Today is your lucky day, sonny, as I'm going to tell you a story about Railroad Tycoon.

Railroad Tycoon came out after Age of Steam and used a lot of the same elements. While Age of Steam was a harsh game that sent weaker men crying to their mommas, Railroad Tycoon was an easier game.

I was happy for this idea - I liked Age of Steam, but wanted a good ramping up experience to take people from Candyland to Ride up to something more challenging.

There were several complaints about things in Railroad Tycoon - there was a real problem between Blue and Purple (just like Tulipmania, dammit) and many folks didn't care for the random element that the cards introduced.

But for me, there was one stickler that sent this game away - The Golden Spike that connected East and West, known in this game as the Western Link.

One of my real pet peeves in a game is when the game has a certain level of complexity and detail in the ruleset, and then there's this one rule that ends up being much more complex than it needs to be. Most Martin Wallace games get tossed off my lawn for this problem - there's this nice system, and then some exception or complication that just doesn't fit with the rest.

And why lookie here, Martin Wallace is one of the designers of this game.

Overall, the game rules are easy to teach to people new to complex games. There's not a lot of moving parts, and it's easy to remember what you can do.

Then.. there's the Build Western Link. These are a series of rules related to one space on the board, and it's a space waaaaay on the other side of the world. When you are teaching this game to a new player, this set of rules really confuses what could have been a smooth teaching experience.

"Then there's this Western Link crap. If you build to Kansas City or Des Moines, then you have the ability to take a new action, pay $30,000, and put 4 red cubes there. Then the rules of the game change, but only for this Chicago space, in that whenever you deliver a cube to Chicago from this city, 2 random cubes show up in Chicago."

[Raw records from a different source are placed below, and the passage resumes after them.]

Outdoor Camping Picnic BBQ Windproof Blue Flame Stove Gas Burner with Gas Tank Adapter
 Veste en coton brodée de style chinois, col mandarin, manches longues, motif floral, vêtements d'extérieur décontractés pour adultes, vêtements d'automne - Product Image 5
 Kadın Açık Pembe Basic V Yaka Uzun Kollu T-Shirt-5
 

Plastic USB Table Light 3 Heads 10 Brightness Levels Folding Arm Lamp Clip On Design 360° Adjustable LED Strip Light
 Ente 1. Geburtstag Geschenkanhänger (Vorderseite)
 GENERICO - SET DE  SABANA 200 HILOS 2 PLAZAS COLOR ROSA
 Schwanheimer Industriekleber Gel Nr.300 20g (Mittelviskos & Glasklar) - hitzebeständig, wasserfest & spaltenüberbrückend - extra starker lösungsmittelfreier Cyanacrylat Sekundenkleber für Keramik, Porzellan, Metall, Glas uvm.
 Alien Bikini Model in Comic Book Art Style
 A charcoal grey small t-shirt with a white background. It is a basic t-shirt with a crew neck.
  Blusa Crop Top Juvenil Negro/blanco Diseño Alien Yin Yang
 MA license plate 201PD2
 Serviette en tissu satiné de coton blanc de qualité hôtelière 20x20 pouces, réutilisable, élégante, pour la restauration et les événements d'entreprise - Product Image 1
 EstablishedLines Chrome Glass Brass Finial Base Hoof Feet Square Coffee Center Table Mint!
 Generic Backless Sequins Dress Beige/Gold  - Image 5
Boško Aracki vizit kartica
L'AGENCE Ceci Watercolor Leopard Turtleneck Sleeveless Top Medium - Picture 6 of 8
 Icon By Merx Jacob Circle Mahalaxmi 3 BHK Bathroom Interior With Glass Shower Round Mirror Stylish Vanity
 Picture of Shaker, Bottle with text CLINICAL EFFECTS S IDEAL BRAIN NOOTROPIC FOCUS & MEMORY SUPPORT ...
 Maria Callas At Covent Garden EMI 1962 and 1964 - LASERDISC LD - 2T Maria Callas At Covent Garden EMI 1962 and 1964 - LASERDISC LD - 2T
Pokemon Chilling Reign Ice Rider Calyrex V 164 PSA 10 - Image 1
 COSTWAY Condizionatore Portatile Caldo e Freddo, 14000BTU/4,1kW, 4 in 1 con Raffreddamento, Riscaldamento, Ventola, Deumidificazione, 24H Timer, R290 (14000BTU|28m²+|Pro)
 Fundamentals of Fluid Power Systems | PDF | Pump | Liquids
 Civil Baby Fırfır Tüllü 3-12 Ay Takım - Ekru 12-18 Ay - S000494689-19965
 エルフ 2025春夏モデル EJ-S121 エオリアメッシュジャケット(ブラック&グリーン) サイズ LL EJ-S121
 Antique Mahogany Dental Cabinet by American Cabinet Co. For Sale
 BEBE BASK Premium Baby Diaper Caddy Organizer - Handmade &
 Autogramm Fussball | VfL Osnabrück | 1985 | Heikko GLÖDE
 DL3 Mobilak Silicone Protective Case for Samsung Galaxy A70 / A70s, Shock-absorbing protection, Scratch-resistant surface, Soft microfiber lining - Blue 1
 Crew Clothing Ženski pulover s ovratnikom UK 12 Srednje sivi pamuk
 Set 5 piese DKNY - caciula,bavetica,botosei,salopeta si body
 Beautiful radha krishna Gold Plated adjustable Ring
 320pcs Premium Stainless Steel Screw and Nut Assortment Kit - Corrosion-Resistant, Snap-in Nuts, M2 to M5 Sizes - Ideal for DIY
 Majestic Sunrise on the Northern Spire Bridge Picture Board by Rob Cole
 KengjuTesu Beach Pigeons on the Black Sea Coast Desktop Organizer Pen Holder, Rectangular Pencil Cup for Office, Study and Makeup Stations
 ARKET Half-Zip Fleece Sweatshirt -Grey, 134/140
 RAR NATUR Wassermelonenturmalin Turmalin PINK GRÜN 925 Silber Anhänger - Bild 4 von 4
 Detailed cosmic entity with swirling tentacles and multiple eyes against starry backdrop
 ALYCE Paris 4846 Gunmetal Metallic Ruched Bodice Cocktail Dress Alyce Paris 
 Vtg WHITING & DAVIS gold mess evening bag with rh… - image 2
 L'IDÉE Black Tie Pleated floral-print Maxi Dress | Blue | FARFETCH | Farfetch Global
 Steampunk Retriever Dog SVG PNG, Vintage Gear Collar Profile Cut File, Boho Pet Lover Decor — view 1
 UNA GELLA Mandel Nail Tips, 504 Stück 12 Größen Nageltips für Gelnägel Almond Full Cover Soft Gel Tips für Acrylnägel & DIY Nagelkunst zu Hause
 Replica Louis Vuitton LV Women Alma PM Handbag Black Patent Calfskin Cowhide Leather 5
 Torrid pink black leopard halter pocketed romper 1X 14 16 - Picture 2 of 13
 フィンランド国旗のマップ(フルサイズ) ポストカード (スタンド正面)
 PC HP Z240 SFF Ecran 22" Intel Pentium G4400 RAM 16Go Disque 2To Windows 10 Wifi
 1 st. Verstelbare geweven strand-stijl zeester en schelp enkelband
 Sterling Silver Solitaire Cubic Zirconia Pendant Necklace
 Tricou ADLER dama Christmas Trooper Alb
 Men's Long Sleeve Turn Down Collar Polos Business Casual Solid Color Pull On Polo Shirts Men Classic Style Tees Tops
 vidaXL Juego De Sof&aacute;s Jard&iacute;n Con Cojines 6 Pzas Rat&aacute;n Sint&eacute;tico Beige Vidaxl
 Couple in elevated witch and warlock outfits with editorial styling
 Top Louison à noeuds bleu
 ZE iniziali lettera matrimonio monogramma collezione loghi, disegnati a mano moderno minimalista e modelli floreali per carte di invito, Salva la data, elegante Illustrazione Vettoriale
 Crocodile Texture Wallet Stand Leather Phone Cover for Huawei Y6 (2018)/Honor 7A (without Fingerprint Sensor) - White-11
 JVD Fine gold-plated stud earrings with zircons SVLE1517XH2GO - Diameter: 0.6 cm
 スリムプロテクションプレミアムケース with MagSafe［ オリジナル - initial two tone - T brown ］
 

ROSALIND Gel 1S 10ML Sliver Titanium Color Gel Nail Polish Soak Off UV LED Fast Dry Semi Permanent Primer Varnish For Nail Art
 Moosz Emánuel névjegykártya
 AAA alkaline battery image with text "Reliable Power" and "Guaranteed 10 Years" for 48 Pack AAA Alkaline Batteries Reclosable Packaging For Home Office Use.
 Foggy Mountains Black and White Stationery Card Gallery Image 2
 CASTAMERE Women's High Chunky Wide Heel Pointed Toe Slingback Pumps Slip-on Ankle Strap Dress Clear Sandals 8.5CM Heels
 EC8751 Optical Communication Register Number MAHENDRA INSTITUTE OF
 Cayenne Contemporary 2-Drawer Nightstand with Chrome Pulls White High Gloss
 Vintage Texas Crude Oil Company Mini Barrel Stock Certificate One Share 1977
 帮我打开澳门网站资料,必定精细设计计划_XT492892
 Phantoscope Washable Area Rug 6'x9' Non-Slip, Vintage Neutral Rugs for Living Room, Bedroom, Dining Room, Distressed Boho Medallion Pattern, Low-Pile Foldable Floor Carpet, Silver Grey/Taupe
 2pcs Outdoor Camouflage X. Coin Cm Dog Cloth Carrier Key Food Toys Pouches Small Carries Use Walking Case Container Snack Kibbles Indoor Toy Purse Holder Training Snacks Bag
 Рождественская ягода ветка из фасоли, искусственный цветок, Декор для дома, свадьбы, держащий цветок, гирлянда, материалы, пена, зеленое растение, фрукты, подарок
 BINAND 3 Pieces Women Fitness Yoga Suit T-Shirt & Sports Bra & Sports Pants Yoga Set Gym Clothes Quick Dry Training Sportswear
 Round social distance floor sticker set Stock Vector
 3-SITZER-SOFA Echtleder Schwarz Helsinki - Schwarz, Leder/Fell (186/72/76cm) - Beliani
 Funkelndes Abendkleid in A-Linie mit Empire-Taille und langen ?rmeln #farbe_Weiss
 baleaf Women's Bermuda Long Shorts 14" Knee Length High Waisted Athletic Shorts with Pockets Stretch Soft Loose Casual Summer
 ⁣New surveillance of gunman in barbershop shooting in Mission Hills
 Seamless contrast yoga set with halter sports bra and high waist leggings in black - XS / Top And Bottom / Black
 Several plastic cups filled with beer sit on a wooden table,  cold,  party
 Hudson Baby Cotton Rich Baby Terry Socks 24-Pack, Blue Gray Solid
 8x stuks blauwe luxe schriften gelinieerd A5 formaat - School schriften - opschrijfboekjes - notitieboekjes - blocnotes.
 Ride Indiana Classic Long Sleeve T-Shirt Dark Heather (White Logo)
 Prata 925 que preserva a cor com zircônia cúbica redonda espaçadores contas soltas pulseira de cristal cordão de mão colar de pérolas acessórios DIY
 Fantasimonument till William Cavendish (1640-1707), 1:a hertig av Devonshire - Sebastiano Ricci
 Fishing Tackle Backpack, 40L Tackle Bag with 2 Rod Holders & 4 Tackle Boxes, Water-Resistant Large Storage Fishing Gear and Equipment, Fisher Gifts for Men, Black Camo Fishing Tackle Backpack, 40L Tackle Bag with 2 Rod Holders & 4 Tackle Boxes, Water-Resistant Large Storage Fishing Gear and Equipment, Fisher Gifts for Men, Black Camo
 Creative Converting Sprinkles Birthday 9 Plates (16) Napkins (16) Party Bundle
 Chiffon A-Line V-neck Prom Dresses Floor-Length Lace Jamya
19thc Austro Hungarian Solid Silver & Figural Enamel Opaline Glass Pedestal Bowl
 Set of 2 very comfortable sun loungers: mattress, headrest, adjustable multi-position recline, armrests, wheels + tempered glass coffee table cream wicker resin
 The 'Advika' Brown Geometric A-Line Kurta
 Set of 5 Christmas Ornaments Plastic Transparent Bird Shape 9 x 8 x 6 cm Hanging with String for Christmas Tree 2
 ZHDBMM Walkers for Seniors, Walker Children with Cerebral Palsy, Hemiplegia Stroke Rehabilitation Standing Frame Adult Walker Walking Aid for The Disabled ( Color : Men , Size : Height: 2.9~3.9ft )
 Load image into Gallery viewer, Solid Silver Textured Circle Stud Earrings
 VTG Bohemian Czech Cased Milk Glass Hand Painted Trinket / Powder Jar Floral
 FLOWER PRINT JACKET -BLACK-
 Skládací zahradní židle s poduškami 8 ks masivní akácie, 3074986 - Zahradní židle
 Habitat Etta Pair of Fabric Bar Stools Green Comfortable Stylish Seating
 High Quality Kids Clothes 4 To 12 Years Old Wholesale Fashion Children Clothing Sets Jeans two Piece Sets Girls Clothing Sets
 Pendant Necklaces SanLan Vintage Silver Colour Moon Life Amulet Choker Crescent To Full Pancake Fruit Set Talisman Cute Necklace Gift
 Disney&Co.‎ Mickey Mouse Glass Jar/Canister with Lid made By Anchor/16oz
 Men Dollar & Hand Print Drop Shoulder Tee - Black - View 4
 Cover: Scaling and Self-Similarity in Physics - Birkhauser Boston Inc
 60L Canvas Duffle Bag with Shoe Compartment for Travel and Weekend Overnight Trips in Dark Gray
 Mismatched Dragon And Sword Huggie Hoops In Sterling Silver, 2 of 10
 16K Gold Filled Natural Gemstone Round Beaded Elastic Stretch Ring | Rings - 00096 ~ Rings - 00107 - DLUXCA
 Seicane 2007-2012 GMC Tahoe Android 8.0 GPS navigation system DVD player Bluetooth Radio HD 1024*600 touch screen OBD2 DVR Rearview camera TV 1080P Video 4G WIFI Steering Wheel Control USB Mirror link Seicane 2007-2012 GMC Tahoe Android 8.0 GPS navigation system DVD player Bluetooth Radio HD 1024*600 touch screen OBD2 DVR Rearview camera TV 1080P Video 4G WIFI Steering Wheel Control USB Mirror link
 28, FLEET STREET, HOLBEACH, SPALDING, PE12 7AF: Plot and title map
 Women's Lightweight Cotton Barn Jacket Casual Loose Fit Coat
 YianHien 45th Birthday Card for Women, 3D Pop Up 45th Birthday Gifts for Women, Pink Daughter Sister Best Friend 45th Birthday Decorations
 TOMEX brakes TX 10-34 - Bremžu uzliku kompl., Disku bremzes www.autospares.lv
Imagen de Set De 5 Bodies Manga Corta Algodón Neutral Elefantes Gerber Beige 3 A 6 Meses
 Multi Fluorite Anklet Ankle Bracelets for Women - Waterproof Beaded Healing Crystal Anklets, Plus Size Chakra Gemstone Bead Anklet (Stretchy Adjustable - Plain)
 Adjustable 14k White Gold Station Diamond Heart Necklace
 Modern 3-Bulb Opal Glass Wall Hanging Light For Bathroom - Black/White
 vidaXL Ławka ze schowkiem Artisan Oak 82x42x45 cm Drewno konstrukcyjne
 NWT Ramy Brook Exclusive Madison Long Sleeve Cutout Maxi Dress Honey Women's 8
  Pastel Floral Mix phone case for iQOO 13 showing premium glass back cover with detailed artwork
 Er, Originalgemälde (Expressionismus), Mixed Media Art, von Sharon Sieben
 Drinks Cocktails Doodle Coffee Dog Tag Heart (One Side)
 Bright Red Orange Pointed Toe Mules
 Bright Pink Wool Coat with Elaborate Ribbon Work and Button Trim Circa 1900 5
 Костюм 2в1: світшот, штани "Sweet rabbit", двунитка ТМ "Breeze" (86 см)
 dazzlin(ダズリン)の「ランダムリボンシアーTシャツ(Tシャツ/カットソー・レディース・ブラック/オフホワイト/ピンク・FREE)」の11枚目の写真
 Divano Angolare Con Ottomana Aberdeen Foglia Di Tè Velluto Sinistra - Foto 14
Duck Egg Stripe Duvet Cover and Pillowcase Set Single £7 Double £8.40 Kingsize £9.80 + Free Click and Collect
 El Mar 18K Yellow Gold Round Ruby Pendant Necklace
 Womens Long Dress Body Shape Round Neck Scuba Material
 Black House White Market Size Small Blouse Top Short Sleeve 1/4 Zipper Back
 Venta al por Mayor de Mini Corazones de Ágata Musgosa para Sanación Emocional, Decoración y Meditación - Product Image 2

What? So, we introduce a new action, a new way for cubes to get on the board which has previously been unheard of, and baffle players in this game which was designed as a nice transition from a lighter game to a more complex game.

More importantly, from a design perspective, I ask.. "Why was this needed? What does this add to the game?" In most games I see of Railroad Tycoon, either nobody bothers with the Western Link, or some experienced player tries to make it work out and ends up flailing about.

If you don't tell new players about it, someone typically gets upset because you didn't explain all the rules, and so they give you lots of whine for your cheese. (If you don't like it, then read the rules for yourself, you lazy bastard.)

This massive speed bump in the game got it tossed off my lawn in a hurry.

I have to give credit to the sequel - Rails of Europe - which does not have any of these single-space complexities, so now is a game I use frequently to introduce new players to more complex train games. So, designers can be taught!

So, if you want to stay on my lawn, make sure that your rules are consistently complex. Don't make a game targeting newer players with rules complexities that you would expect to be proceeded by a number like (Gee, can you tell I'm still trying to work through the rules to Republic of Rome?)

Now clear off, you kids. I've got better things to do!